En s’asseyant sur le coin du large banc, débarrassé maintenant du mal qui l’y clouait naguère jusqu’à l’heure fixe où on le venait prendre, il les regardait encore et se remémorait tout ce qu’il avait souffert. C’était là, sur cette branche du vert érable, que venait se poser si souvent l’oiseau bleu qu’il poursuivait en rêve, désespérant presque de jamais l’atteindre. C’était ce même courant du ruisselet qui lui avait chanté autrefois, dans son doux murmure, la chanson douce de l’espoir…

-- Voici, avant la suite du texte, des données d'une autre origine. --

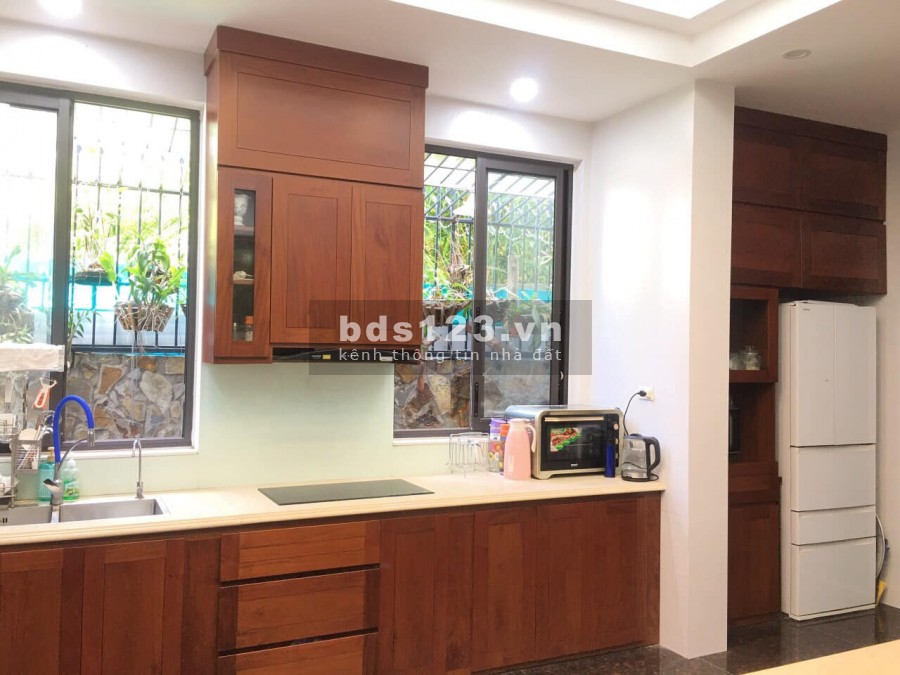 Bán nhà đẹp PL ô tô tránh 4 tầng x 72m2 ngõ 102 Xuân La giá 14,5 tỷ. LH 0912442669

Le temps était aujourd’hui passé de tous ces enfantillages. Il était fort. Il était redevenu un homme, capable d’énergie et de volonté : qui donc l’empêcherait de réaliser son désir ?

Chère et douce Raymonde !… Il l’avait aimée en silence, ardemment, depuis le jour où le hasard l’avait poussé dans le compartiment qu’elle occupait avec son père, et qui devait les amener ici ensemble, sans qu’ils s’en fussent doutés. Il l’aimait pour sa touchante sollicitude pendant le voyage. Il l’aimait pour la douce pitié qu’il lui avait inspirée, pour les bonnes paroles, pleines de consolation et d’encouragement, qu’elle lui avait adressées si souvent.